The rain had finally stopped. Kurt made his way over to Meredith Stone, who was standing off by herself near a cottonwood tree, waiting for her husband to finish his conversation with Corky Marcus.
“Hello, Meredith,” he said. “Maybe Lee ought to spend his money on security a little closer to home.”
She was wearing makeup and matching Navajo jewelry that ornamented her neck, wrists, and earlobes. This was the way she had always appeared in magazines, effortlessly beautiful, exuding intelligence and a casual elegance.
“I want to see Katrina,” Meredith said. “I feel horrible about what happened. Tell me where she is.”
“I don’t know where she is. She left me a note and then disappeared.”
Her look was cool and probing. “You’ll hear from her again.”
He hoped she was right, but Kat Pfeil was proving to be as elusive as her brother the drug lord. “She and I have a truckload of unfinished police business to tie up,” he said. “You hear from her first, tell her I’m looking for her. I hear from her, I’ll make sure she gives you a call. Deal?”

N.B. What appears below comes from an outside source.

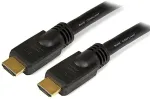 StarTech.com HDMM50, 15.2 m, HDMI, HDMI, Male, Male, Black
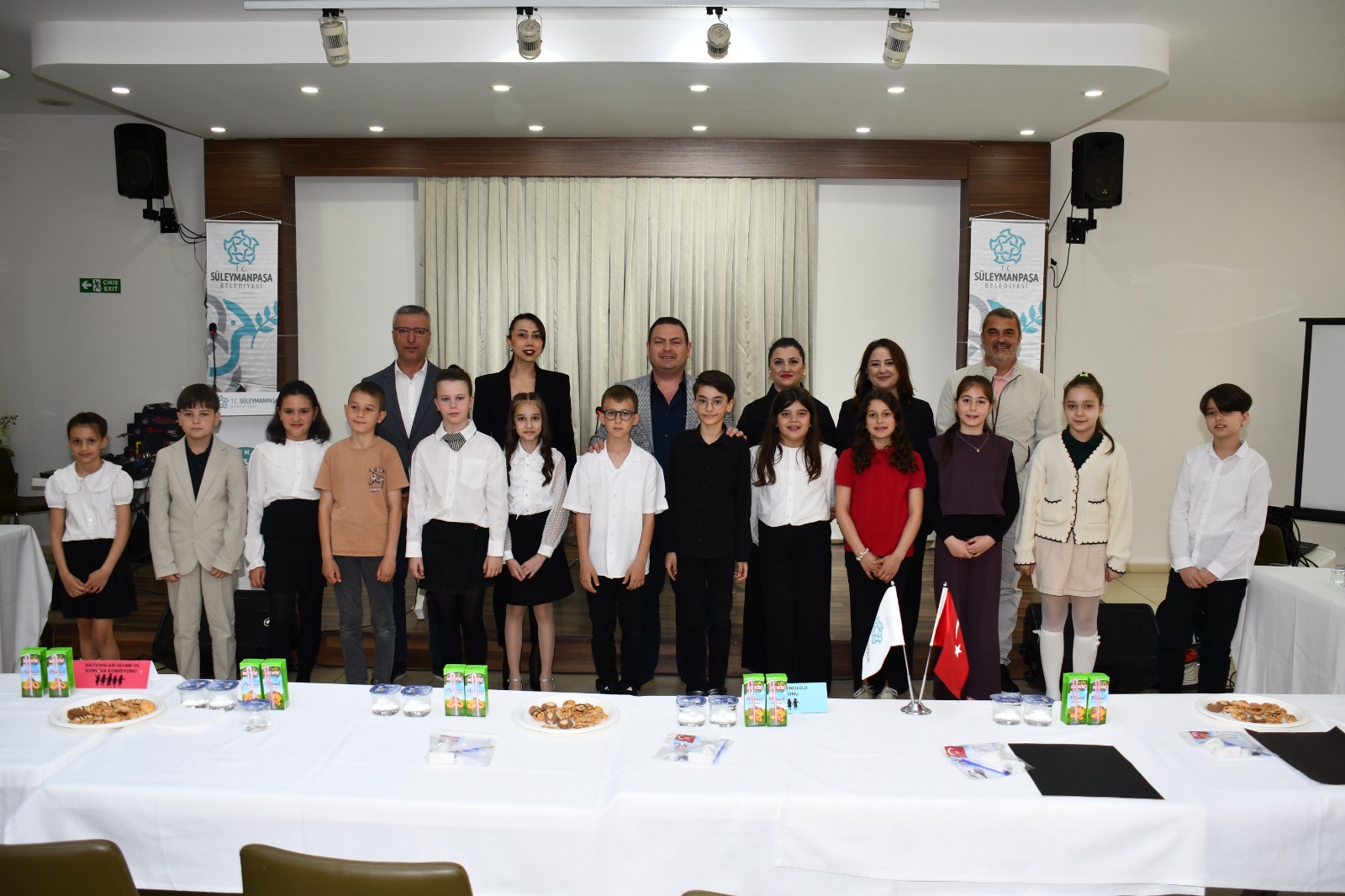 Süleymanpaşa Çocuk Meclisi Yeni Başkanını Seçti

She gave him that heartbreaking smile from her old publicity photos. Every now and then she did something like that to remind him who she was. Who she had been. “Deal,” she said.
Chapter thirty-one
He arrived at the courthouse before the shift change and walked into the department’s squad room, a remodeled basement space of cluttered cubicles and soft-humming computers. The room always smelled like scorched coffee crusted at the bottom of a glass pot. Sitting at Gill Dotson’s desk, Kurt pecked at the keyboard, searching through state files for the police record on one J.J. Chilcutt. Within seconds he’d found him. James Joseph Chilcutt had two priors, a dui five years ago and a recent assault-and-battery against his wife, who had subsequently dropped the charges. His address and phone number were listed in Grand Junction, and the name of his employer. VIProtex International.